Friends & Keys: What to Know Before Co-Owning Property in Dubai

Considering purchasing property in Dubai with your friend or partner?.


It’s a wise approach to divide the investment — but ensure you are well-informed about the regulations before finalizing the agreement and signing the necessary documents.

Yes, co-ownership is legal in Dubai, but it’s crucial to understand the legal and financial aspects involved.

According to Dubai law, the following guidelines must be followed:


We will not tolerate any method that does not include line breaks
Unless the master community declaration permits it and the Dubai Land Department (DLD) grants approval, you are not allowed to divide the space or establish separate titles.

We will not tolerate any method that does not include line breaks Your co-owner gets first rights.
If one party desires to exit the partnership, the other party has the first opportunity to purchase their share before any other potential buyers emerge.

The registration fees are shared based on ownership
Expenses such as dld registration fees and service charges should be divided equally among each person (e.g. 50/50, 70/30).

A clear co-ownership agreement is essential


This is of utmost importance!

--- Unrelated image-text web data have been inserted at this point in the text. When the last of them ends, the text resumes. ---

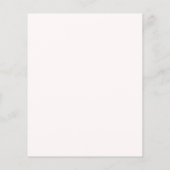 Roze Bloemen 70e Boek Thema Verjaardag Uitnodiging (Achterkant)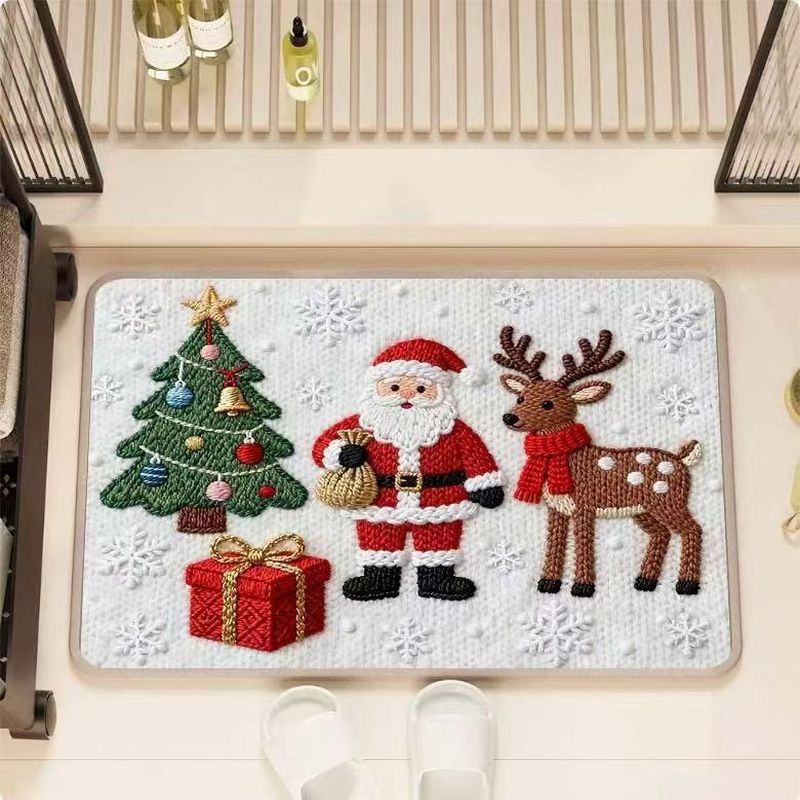 VIKAMA Tapis de bain motif ren - Home Bathroom Tub avis et prix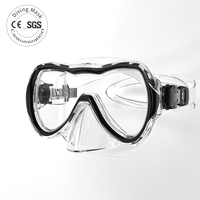 Masque de plongée HD anti-buée personnalisé Lunettes de plongée en silicone souple pour une vision claire de la natation Lunettes étanches à faible volume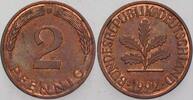Kleinmünzen 2 Pfennig Bundesrepublik Deutschland -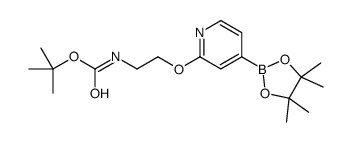 tert-butyl N-[2-[4-(4,4,5,5-tetramethyl-1,3,2-dioxaborolan-2-yl)pyridin-2-yl]oxyethyl]carbamate结构式
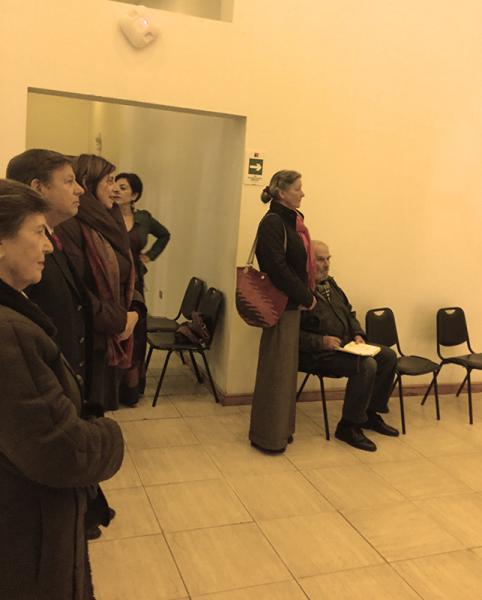 Asistentes a la inauguración de &quot;buscándoME&quot;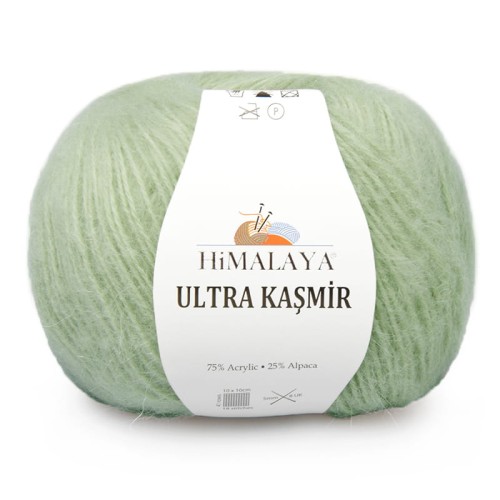Włóczka Himalaya Ultra Kasmir 821 / zgaszona zieleń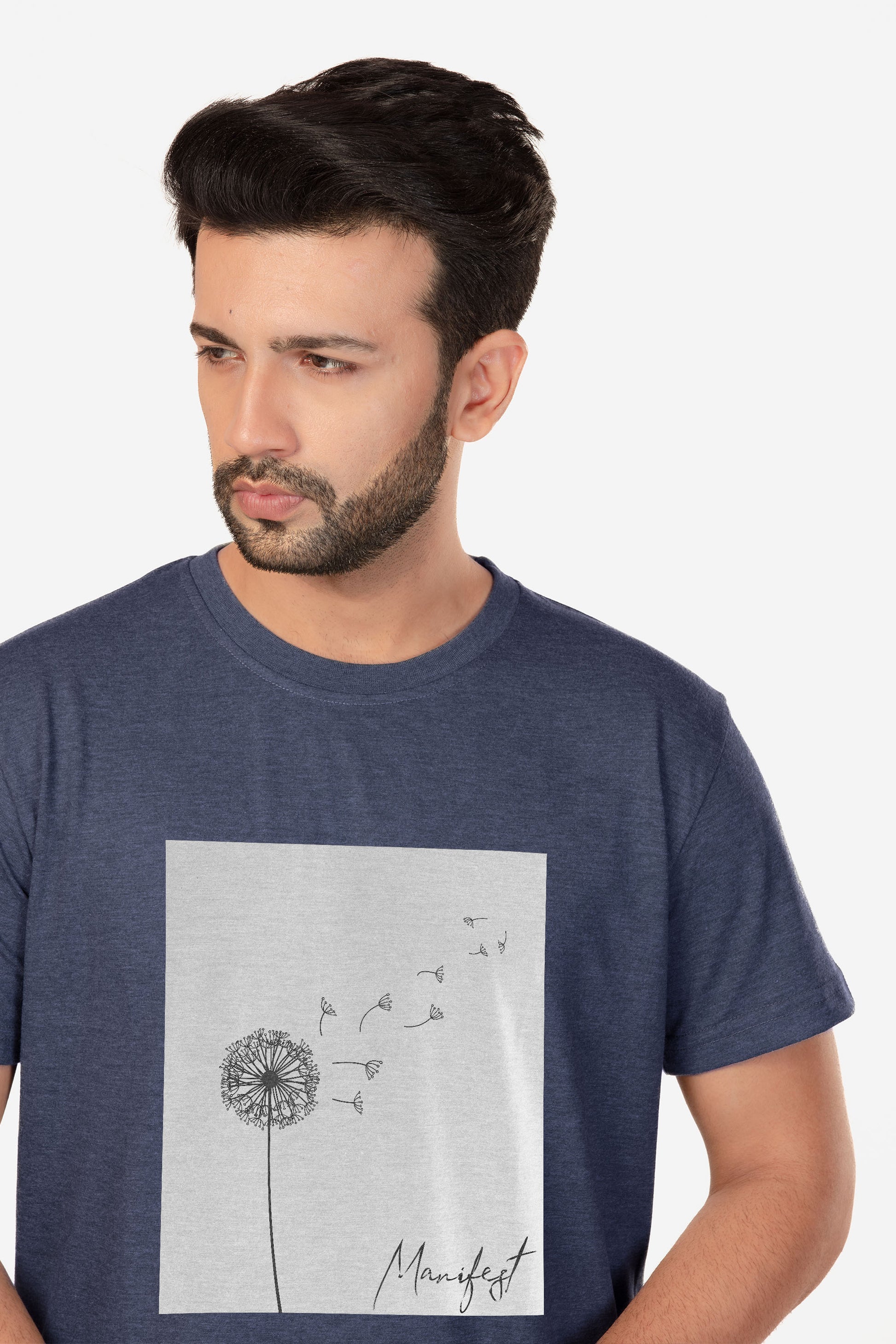 Manifest - Melange Cotton T-shirt - keos.life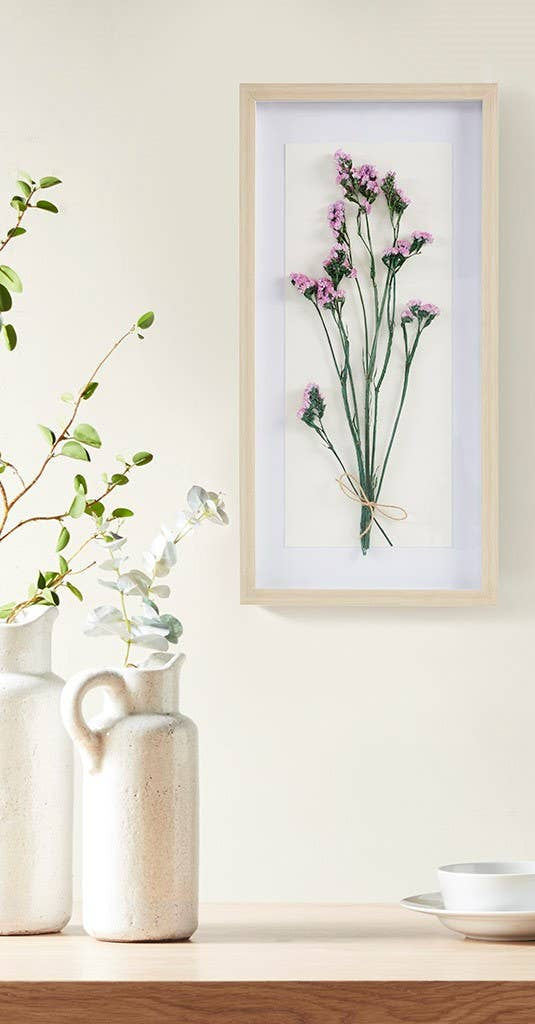 Fresh Flowers Floral Shadowbox Wall Art Decor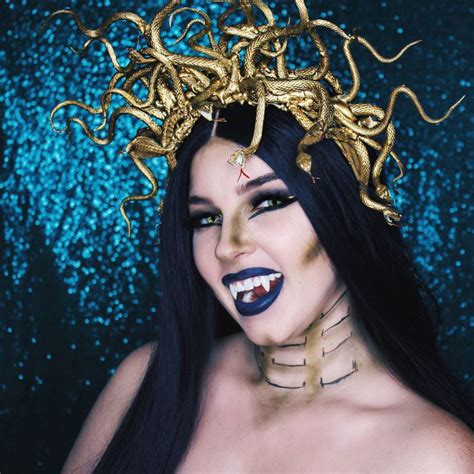 Medusa Halloween Makeup In 2020 Goddess Halloween Medusa Halloween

Clearly outline the financial responsibilities, decision-making processes, residency rules, and procedures for selling the property in the agreement. It’ll spare you both from legal entanglement in the future.

The main point:


Purchasing a property with a friend in Dubai is entirely feasible and can be a wise decision. It is crucial to safeguard the friendship and the investment by taking the appropriate legal measures.